The current study examined interactions between perceived safety and built environment variables in explaining physical activity in samples of younger adults and older adults selected from the same regions and from neighborhoods that varied by walkability and income. The results did not support the expected interaction effects between neighborhood environment and safety variables in either sample, particularly for older adults. There were only 5 significant interactions out of 36 models, and only two of the patterns of association confirmed hypotheses that physical activity would be highest when built environments were favorable and perceived safety was high. The observed pattern of results is interpreted as not supporting perceived safety related to crime, traffic, or pedestrian infrastructure as moderating the relation of built environment variables to physical activity. Thus, the nature of the few significant interactions is not interpreted.

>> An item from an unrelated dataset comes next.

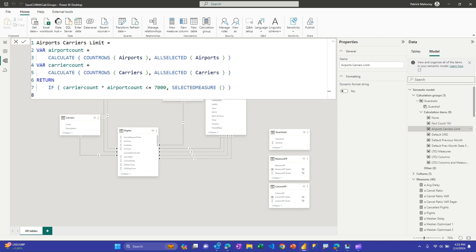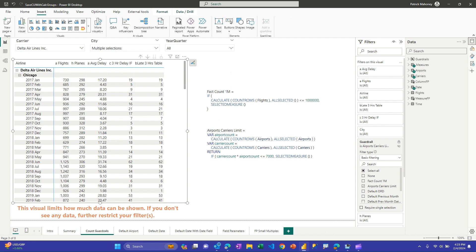You can also put limits on dimensions. Here I have an airport slicer and an airline carrier slicer. I check how many values of each are in context, multiply them together, and if it's too large I return blank. If it's within the limit, I go ahead and do the more expensive calculations. On the different pages I have these expressions as well.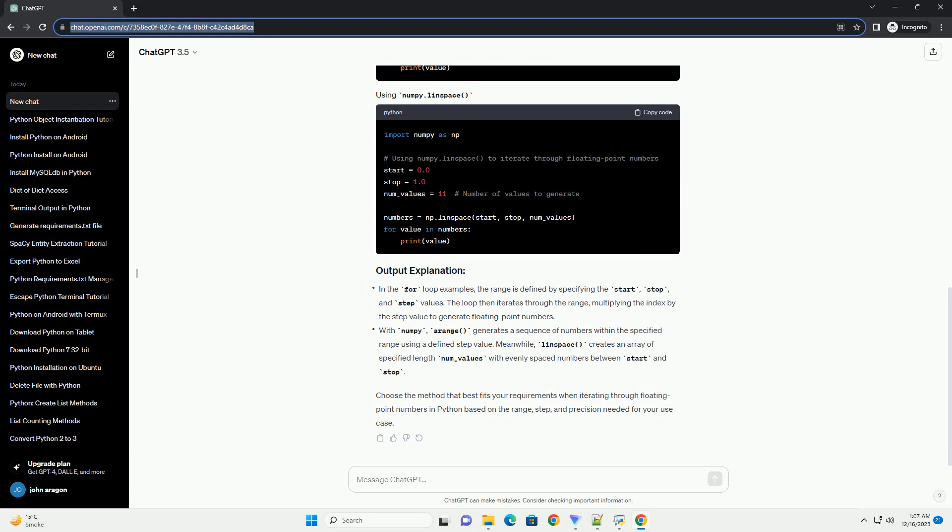Numpy is a powerful library in Python for numerical computations. It provides functions like arange and linspace to create arrays with floating point numbers. In the for loop examples,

Present findings regarding main effects of perceived safety variables were inconsistent, which has been the case in prior studies. Six of 18 models with the NQLS sample of younger adults had significant safety main effects: 4 involved pedestrian safety and 2 involved traffic safety. Only 3 of 18 models with the SNQLS sample had significant main effects, two involving pedestrian safety and one involving crime safety. The pedestrian safety scale was the most frequently significant as a main effect, as it was related to 5 of the 6 outcomes in at least one model. Across the two age groups, it was related to total MVPA minutes and walking for leisure in several different models. This scale assessed built environment attributes that could protect pedestrians from traffic, such as design of intersections, presence of crosswalks, and presence and quality of sidewalks. The relatively consistent support for pedestrian safety main effects may be because the scale assessed perceptions of specific elements in the built environment (e.g., qualities of street crossings), rather than more subjective concerns about crime or volume of traffic. These positive main effects also suggest that neighborhood pedestrian safety may be one of the more important factors in people’s leisure walking and overall physical activity. Further, pedestrian safety factors can be modified, and the present findings suggest that improving such features can positively impact physical activity and walking. There were only two main effects of traffic safety, so improving measures and testing more complex models may be needed to advance evidence for this variable. The crime scale that dealt with concerns about personal safety had no significant main effect in any of the models. Thus, direct associations between perceived crime safety and physical activity were not supported, consistent with most previous literature [12].

The mixed main effects and null interaction effects suggest that one or more of the following may be true: the current measures of perceived safety (in this case, from the NEWS) lack sensitivity to detect these relationships, the current outcomes (accelerometer-measured MVPA, and self-reported walking for leisure and transportation scales from the IPAQ and CHAMPS ) lack specificity, perceived safety variables are not associated with physical activity, or the links between perceived safety and physical activity are even more complex than could be assessed with these interactions.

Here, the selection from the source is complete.